Menjadi anggota penuh FATF membuat Indonesia mendapatkan dukungan atau
bantuan dari 39 anggota lainnya dalam konteks pencegahan dan penegakan
hukum. Kerja sama internasional sangat dibutuhkan mengingat TPPU
bersifat transnasional, terutama yang berkaitan dengan aset kripto.
Oleh sebab itu, anggota FATF yang lain nantinya dapat menyediakan
saksi, ahli, maupun alat bukti untuk Indonesia dalam konteks
penanganan TPPU yang berkaitan dengan aset kripto atau yang berkaitan
dengan siber.
Selain itu, pengoptimalan keanggotaan penuh di FATF perlu dilakukan
mengingat kekhawatiran yang disampaikan Presiden Jokowi mengenai pola
baru TPPU, seperti melalui pasar aset kripto. TPPU dan perkembangannya
perlu diperhatikan secara serius, sehingga penegakan-penegakan hukum
yang berkaitan dengan tindak pidana asal tetap dapat berjalan efektif.
Koordinasi dan kolaborasi dari aspek pencegahan sampai penindakan
antarpenegak hukum juga diperlukan untuk mengatasi TPPU yang dinilai
selalu beradaptasi. Terlebih, TPPU dapat menjadi modal untuk melakukan
kejahatan lain, seperti narkotika maupun terorisme.

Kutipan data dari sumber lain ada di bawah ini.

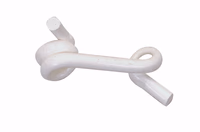 Isolateur queue de cochon diamètre 12 mm par 50 pour piquet en fibre de verre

Regulasi tambahan juga perlu, seperti Undang-Undang Perampasan Aset,
yang dinilai dapat menjadi sarana efektif penegak hukum untuk bisa
menelusuri uang-uang hasil kejahatan.
Senada dengan hal tersebut, pakar keamanan dan terorisme Universitas
Indonesia sekaligus Ketua Program Studi Kajian Terorisme Sekolah
Kajian Stratejik dan Global UI, M Syauqillah memandang perlu
pemerintah menguatkan sinergi terkait dengan penanggulangan penanganan
pendanaan terorisme.
Keanggotaan penuh Indonesia di FATF yang berfokus pada pendanaan
terorisme juga dinilai menjadi momentum untuk menguatkan terus
koordinasi antarkementerian/lembaga terkait hal tersebut.
Bahkan, penangkapan delapan orang terduga terafiliasi sebagai anggota
kelompok teroris Jamaah Islamiyah (JI) di Sulawesi Tengah pada
beberapa waktu lalu menandakan jaringan teror masih terus berjalan.
Padahal, saat ini Indonesia dianggap dalam situasi yang kondusif atau
zero terrorist attack (tidak ada serangan teroris terbuka).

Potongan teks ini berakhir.